The night of the massacre, Mola had requested Ansari to develop the photos saying he couldn’t bring himself to do it.
Ansari, just promoted to senior photographer, said he feared for his life: the officers entered the studio and kept the nozzle of their guns fixed on his back as he worked feverishly to develop the prints.
“They had blood-shot eyes and looked as if they were not done with just killing our leader — they were ready to kill more. I was frightened. I knew the importance of those pictures. None of those that I printed that day — the only ones of the carnage —have seen the light of day except the one that was leaked,” he said.
“The officers counted each negative and print before they took them away. I tried to hide some of the images, saying they had been wasted or too exposed, but they took each of them away. I have never felt so helpless in my life. I knew I was giving away a part of Bangladesh’s history.”

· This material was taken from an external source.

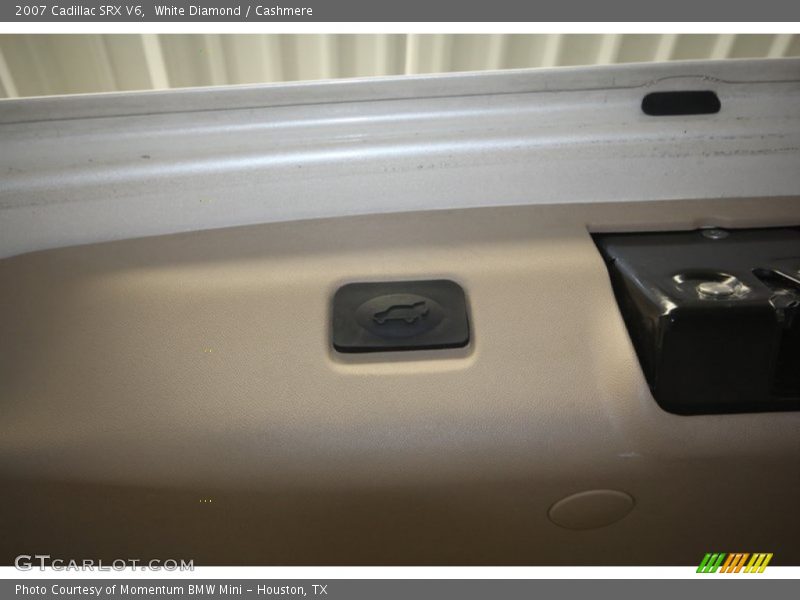 White Diamond / Cashmere 2007 Cadillac SRX V6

Those pictures turn 35 tomorrow, a day that, by a strange coincidence, happens to be the anniversary of another photograph that too was a defining image in the history of a country.
When the Japanese surrender was announced on August 15, 1945, a sailor was clicked as he grabbed a nurse in the middle of Times Square, bent her back and kissed her. The photograph went on to become a symbol for the advent of the “American century”, one that expressed a nation’s joy at the moment of its greatest triumph.
When the symbol of Bangladesh’s darkest moment, the leaked black-and-white photo of Mujib’s body, was published, the army picked up Mola. He told them he had neither shot nor leaked the picture.
“Molaji died three years later. I think he never recovered from the shock of that day. But what pained him most was that he couldn’t save his pictures,” Ansari said.
When Hasina retrieved the leaked negative 10 years later, after a long search involving visit after visit to western media offices, she brought it to the Dainik Bangla office to be developed, perhaps in acknowledgement of a historical debt.